Zugleich bildet diese deutsche Historie den Hintergrund dafür, dass – auf der anderen Seite – viele, sehr viele Landsleute ihre Kritik am Staat der Juden besonders lustvoll üben. In einer Intensität, die nach Obsession aussieht. Subtext: Die da unten in ihrem Judenstaat sind auch nicht besser als unsere Großeltern, also können die ruhig mal aufhören, uns hier mit ihrer vermeintlichen moralischen Überlegenheit zu nerven. „Was der Staat Israel heute mit den Palästinensern macht, ist im Prinzip auch nichts anderes als das, was die Nazis im Dritten Reich mit den Juden gemacht haben“: Dieser dummen, falschen Aussage stimmen in Deutschland 43 Prozent der Befragten zu, wie im vergangenen Jahr eine Befragung der Bertelsmann-Stiftung ergab.

Jüdische Deutsche sind keine Regierungsvertreter Israels. Jüdische Deutsche haften auch nicht für Israels Politik. Dennoch, jüdische Deutsche werden jetzt laufend in Haftung genommen, das haben viele von ihnen in diesem vergangenen Jahr so deutlich gespürt wie noch nie in ihrem Leben. Viele Betroffene halten noch mit Argumenten dagegen. Aber manche sind es allmählich auch leid. Von der deutsch-jüdischen Denkerin Hannah Arendt gibt es den Satz: Wer als Jude angegriffen wird, muss sich als Jude verteidigen. Unter dem Druck der Vorurteile scheinen manche diesen Satz heute für sich abzuwandeln. Etwa so: Wer als Botschafter Israels angegriffen wird, muss sich als Botschafter Israels verteidigen. […..] Einsamer geworden ist es in diesem Jahr dann in dem großen Raum zwischen all diesen zunehmend verhärteten Identitäten. Also unter jenen Menschen, die sich weiterhin zumuten, sich nicht „auf eine Seite“ zu stellen – und zu denen auch viele jüdische und arabischstämmige Menschen gehören, die angesichts ihrer Ratlosigkeit eher noch leiser geworden sind als ohnehin schon. Ein politisches Nachdenken, dessen Ergebnis schon vorab feststeht und das auch auf aktuelle Neuigkeiten nur noch in Nuancen reagiert, wäre natürlich gemütlicher. […..] Wie wenig Applaus es für solche Differenzierung gibt, das heißt: wie wenig dies innenpolitisch gewinnbringend ist, zeigt sich am Beispiel der Bundesaußenministerin Annalena Baerbock von den Grünen. Aus der sogenannten israelsolidarischen Ecke wird sie beschimpft, sie lasse Israel angeblich im Regen stehen – weil Deutschland keine Waffen mehr für Gaza-Bombardements liefert. Aus der sogenannten propalästinensischen Ecke wird sie gleichzeitig für das Gegenteil beschimpft: Sie tanze nach Israels Pfeife – weil sie nicht mit Israel bricht. Es sich in keiner Ecke bequem zu machen, ist heute vielleicht schwieriger denn je. Richtig bleibt es trotzdem.   […..]

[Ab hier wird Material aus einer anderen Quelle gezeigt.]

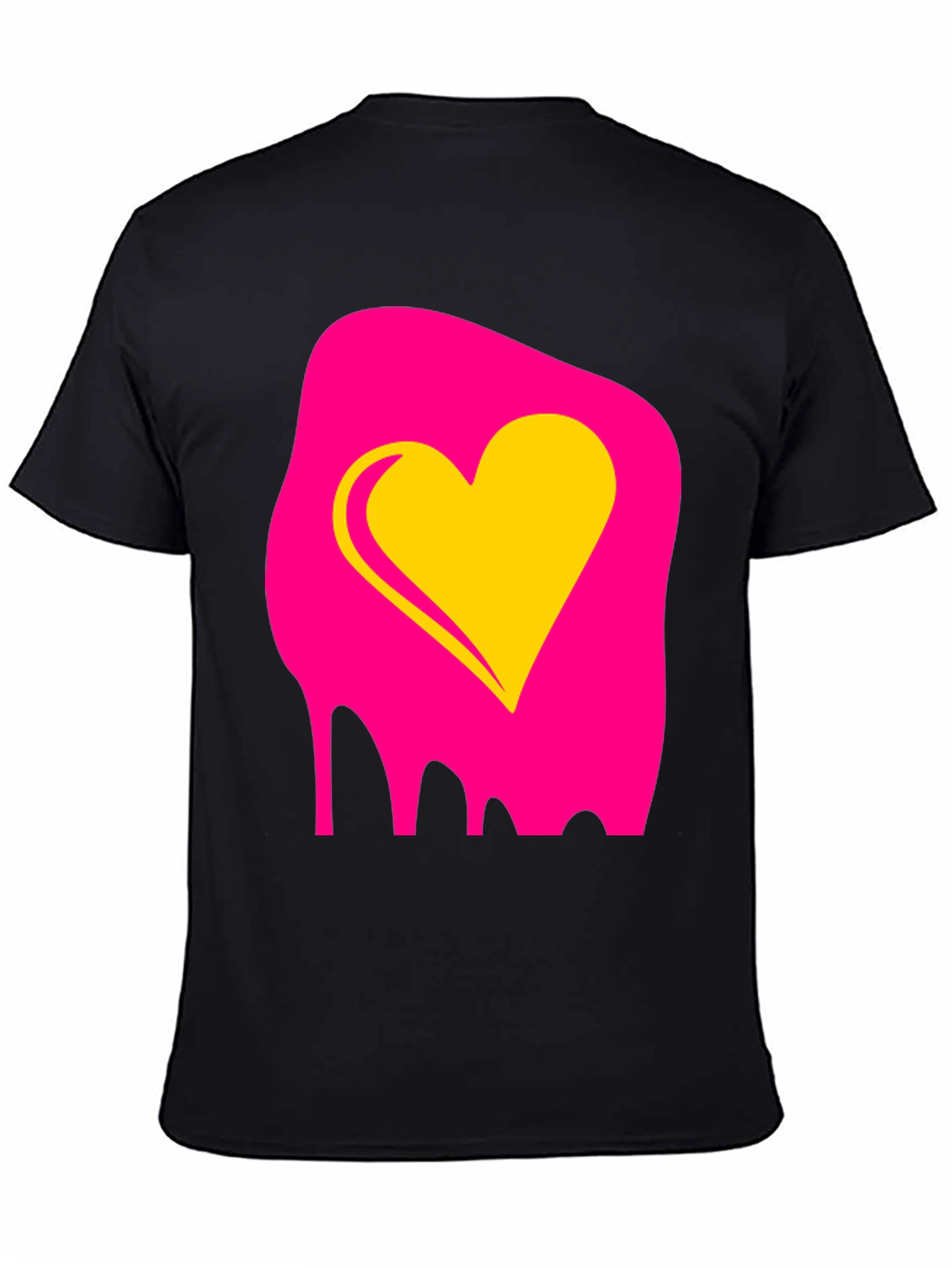 Heart Melt Graphic T-Shirt - Bold & Unique Design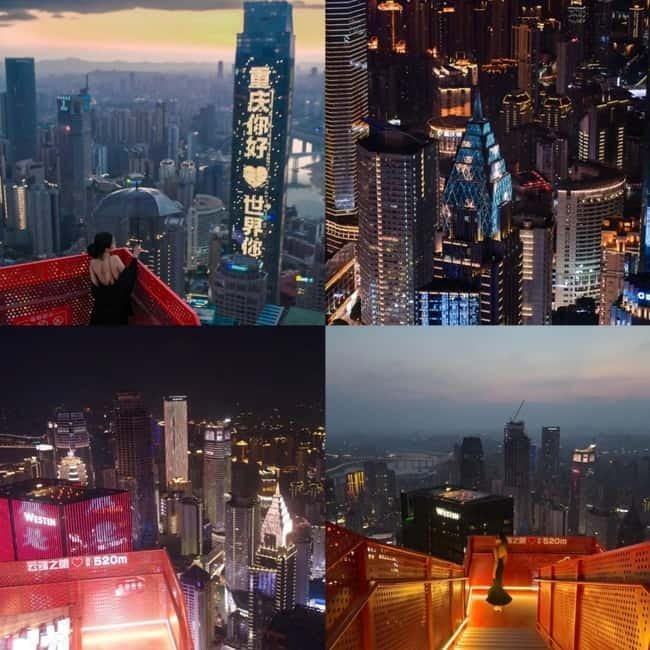 Chongqing: 520m-high Eye Skyview Deck Ticket for Adult - Finding the building at Jiefangbei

(Ronen Steinke, 06.10.2024)

Ich gebe zu, solche Worte gern von einem Journalisten zu lesen, der eine israelische Mutter hat. Denn auch, wenn ich erst ein Jahr einen deutschen Pass habe: Für mich wiegt die deutsche Vergangenheit schwer. Ich gehöre der (schrumpfenden) Fraktion derer an, die der deutschen Außenpolitik äußerste Zurückhaltung bei der moralischen Bewertung der israelischen Sicherheitspolitik empfehlen. Natürlich können und dürfen „wir“ Netanyahu kritisieren, aber wir sollten nicht die ersten und lautesten sein. Und es darf nie in eine Rechtfertigungshaltung hineingleiten; „sieh an, die Israelis sind ja auch nicht viel besser als wir damals im WKII.“ Hier handelt es sich um unvergleichbare Dinge. So schwer es auch einzelnen fallen mag; es gilt immer: Israelkritik Ja! Antisemitismus NEIN!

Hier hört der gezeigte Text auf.